3人と話した銀行家のアルフレド・ヴィアナ(レジナルド・バーロウ)は、ギャンブルの許可を取るのは困難だと伝えるものの、彼らはそうは考えなかった。

ベリーニャを捜しに行ったロジャーと別れたフレッドは、ドナとカフェにいた彼女に気づき話しかける。

無礼なフレッドに憤慨したドナは、ウエイターを呼んで彼を追い払う。

その夜、飛行家クラブに向かったフレッドは、フリオから声をかけられ、その場にいたベリーニャとドナを紹介されて戸惑い立ち去る。

ショーが始まり、ロジャーの曲を聴き動揺して席を外したベリーニャと話したフリオは、彼女から、すぐに結婚して欲しいと言われて抱きしめる。

そこに現れたロジャーは、ベリーニャがいたために驚き、フリオから彼女が婚約者だと知らされる。

ロジャーは戸惑い、ベリーニャは、現れたフレッドを相手にタンゴを踊る。

その後、アルフレドは組織の3人組と手を組み、デ・レゼンデからホテルを乗っ取ろうとする。
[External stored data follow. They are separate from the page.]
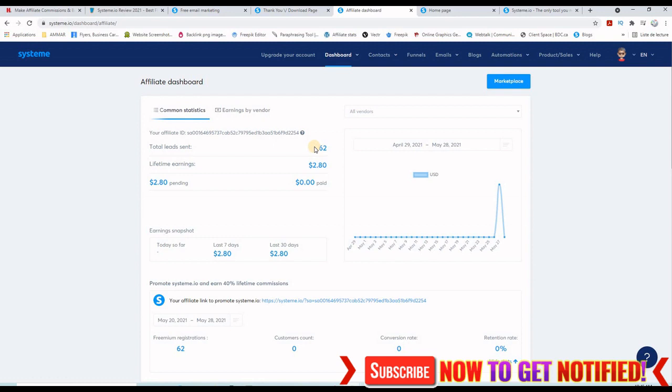You cannot also add your custom domain name. You have to be a paid member to do that. You have only one funnel to set up, one automation rule, one tag, etc.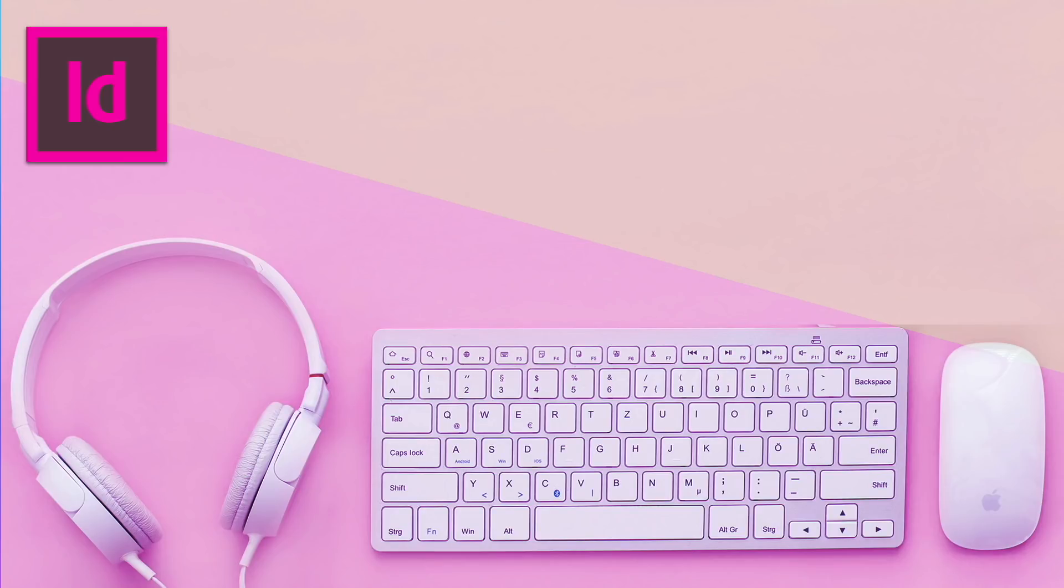Today, 5 quick and useful tips when working in Adobe InDesign, so stay tuned.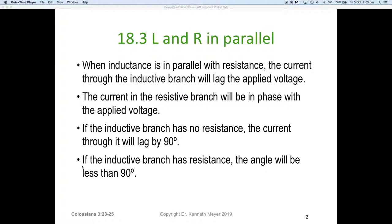But if the inductive branch has some resistance — and the reality is most inductors do have a little bit of internal resistance — then the angle will be less than 90 degrees. So we have the pure or perfect inductor with no internal resistance, and we have what we call the practical inductor, which has some internal resistance.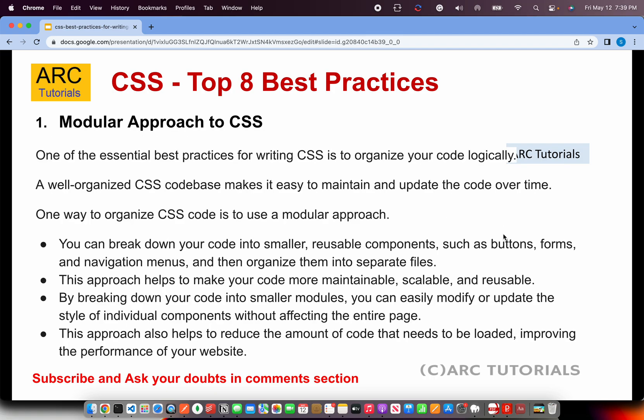Let's get started. The first is the modular approach — I love this. A well-organized CSS code makes it easy to maintain and update the code over a period of time. You can organize CSS in a modular approach. When I say modular approach, I'm talking about the modern CSS frameworks which use CSS preprocessors like LESS or SASS. Basically, we break down the CSS into smaller reusable components. Bootstrap, which is a famous framework, uses that approach.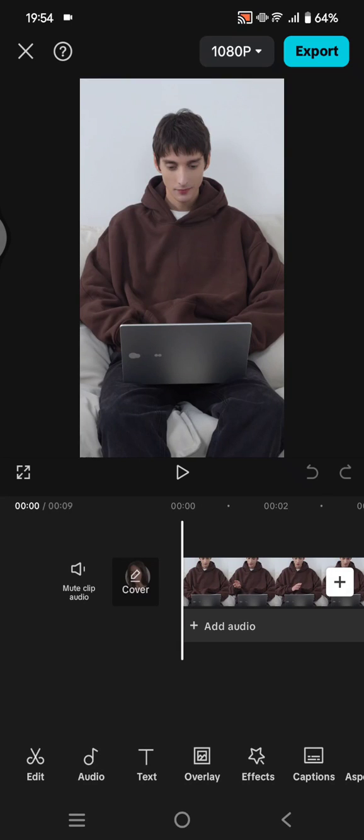Hey guys welcome back with me again in this channel. On today's tutorial I'm going to show you how you can loop your videos perfectly in CapCut. So in order to create a looped video where you don't know where the end or the start of the video is, you can use this trick.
翌日からロジャーとフレッドらは、ホテル・アトランティコのオープンに備えてリハーサルを始めるが、警察から興行ライセンスがないと言われ退去するよう指示される。

そこに現れたベリーニャとカルロスと話をしたロジャーとフレッドは、旅行中の市長(ポール・ポルカシ)の承認がなければショーは行えないことを知らされる。

ロジャーは飛行機を使った派手なデモンストレーションを考え、フリオの協力を得てダンサーを集め、ハニーをリーダーにして彼女らを飛行機の翼に固定しようとする。

カルロスから励ましのメモと像を受け取ったロジャーは、ベリーニャとフリオの結婚に協力してほしいという内容に戸惑いながら、彼女のことを諦める。

ホテルのオープンは迫り、フレッドは楽器を隠した仲間たちを中に入れる。

フリオは、パラシュートをつけてパレードのヒーローになり、ベリーニャと結婚しろというロジャーからのメモを受け取る。

ハニーから駆け落ちを勧められたフリオは違法だと伝えるが、飛行機の機長は結婚の権限を持つと言われ、ベリーニャを搭乗させれば解決すると助言される。

飛行機は飛び立ち編隊を組み、ホテル・アトランティコのために上空に文字を書き、”ヤンキー・クリッパーズ”の出演を知らせる。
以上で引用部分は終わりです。